I went straight to the front row in the hall and found a seat where I could watch and listen with much attention, while my friend preferred to sit at the back. It quickly dawned on me that the conference themed “al-Diyanat al-Samawiyah Hamilat Risalat al-Salam” (Heavenly Religions Carrying the Message of Peace) was, besides, a few delegates from a Moroccan council of Islamic knowledge, hosting the Archbishop of Rabat, Cardinal Cristobal Lopez Romero and a Jewish Rabbi, Rabbin Mardekhai Chriqui, coming all the way from Jerusalem.
I started enjoying the proceeding when the MC made her introduction in Arabic and coalesced it with the famous verse of Surat al-Hujurat upholding the spirit of humanity and emphasizing racial and ethnic diversity as a distinct human property. And I did not bother much when she switched to French, which I assumed was the translation of what she said in Arabic, though I do not understand. When I looked at my phone, as the audience awaited the Jewish speaker to take over the stage, I just clicked on my WhatsApp and saw my friend’s message, telling me that he had gone out and we might meet in the mosque. I would have also gone out, but I was lured to stay to listen to the heavily bearded Israeli Rabbi, perhaps because that was my first time to see a real, self-identifying Jew physically and, in fact, a religious authority for that matter. When the man took over the podium, he spoke briefly in Darija, which I luckily understood as he minced his words slowly as if lamenting that he had to do that before switching to French. In the Darija, the Rabbi just excused that although he spent about 40 years in Morocco, he was not good at Arabic, so he informed his audience that he would prefer to switch to French, which he then did without any ado. At this juncture, I also decided to exit, without knowing if his speech would be interpreted in Arabic or not, and without bothering if too many speakers would speak in Arabic later. (A link to the conference is https://m.youtube.com/watch?v=fY6eoZ6RObA&t=703s).
The most relevant part of this story is that there are indeed initiatives of interfaith dialogue worldwide, and this seems to have come to define interreligious relations among members of heavenly religions. But it is also a fact, as this anecdote demonstrates, that some actors in the interfaith program may be unwelcome, detested or rejected.
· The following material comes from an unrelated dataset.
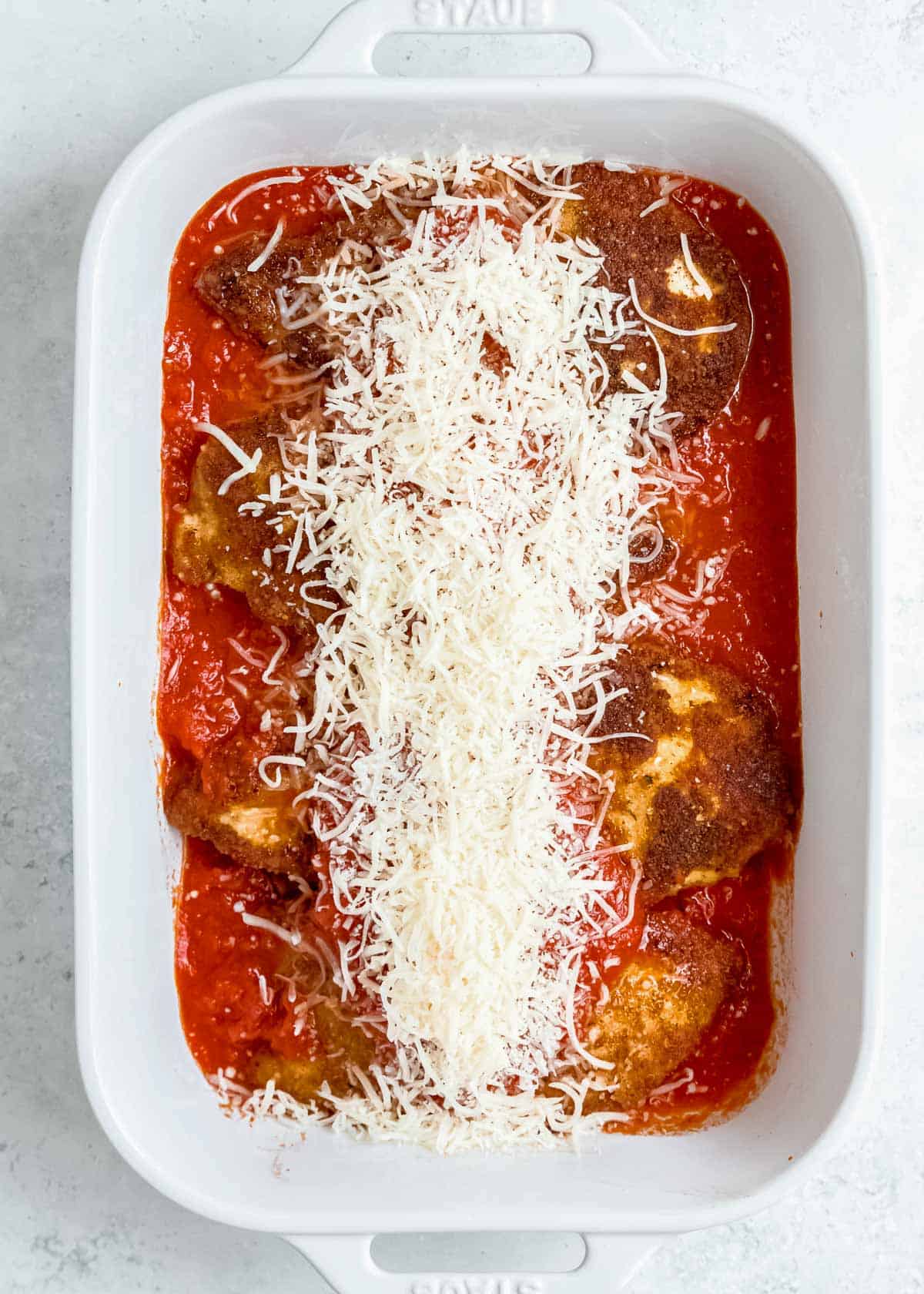 chicken parmesan in baking dish prior to baking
This is precisely what reminds me to offer my humble thoughts on the current brouhaha about the interfaith issue, which has just become a topic of discussion, at least in northern Nigeria.
Perhaps a few people will disagree that the matter was dragged to the public domain by the removal of Shaykh Nuru Khalid, the chief Imam of the Friday mosque at Apo Legislators’ Quarters, less than two weeks ago. That happened over a sermon he delivered on the collapsing security situation in Nigeria. The Imam would have been hailed as a hero and a champion that deserved accolades by the entire northern Muslims, but for his flirtation with the controversial phenomenon of interfaith. After all, distinguished scholars who have become a sort of religious canons in Nigeria like the late Shaykh Ja’far Mahmud Adam, the late Shaykh Muhammad Auwal Albani Zaria and the few ones alive like Shaykh Bello Yabo, Shaykh Murtala Asada Sokoto, Shaykh Idris Abdulaziz Bauchi and a few others are known to be showing impatience toward any untoward development that affects (affected) the poor Nigerian masses. These scholars have uttered bitter homilies and persistent tirades against governments over neglect of their primary responsibilities, particularly protecting lives and properties. Their prominence and public acceptance are partly glued to their decision to maintain a frugal life, remote from the corridors of power, hence capable of speaking truth to power, no matter whose ox is gored.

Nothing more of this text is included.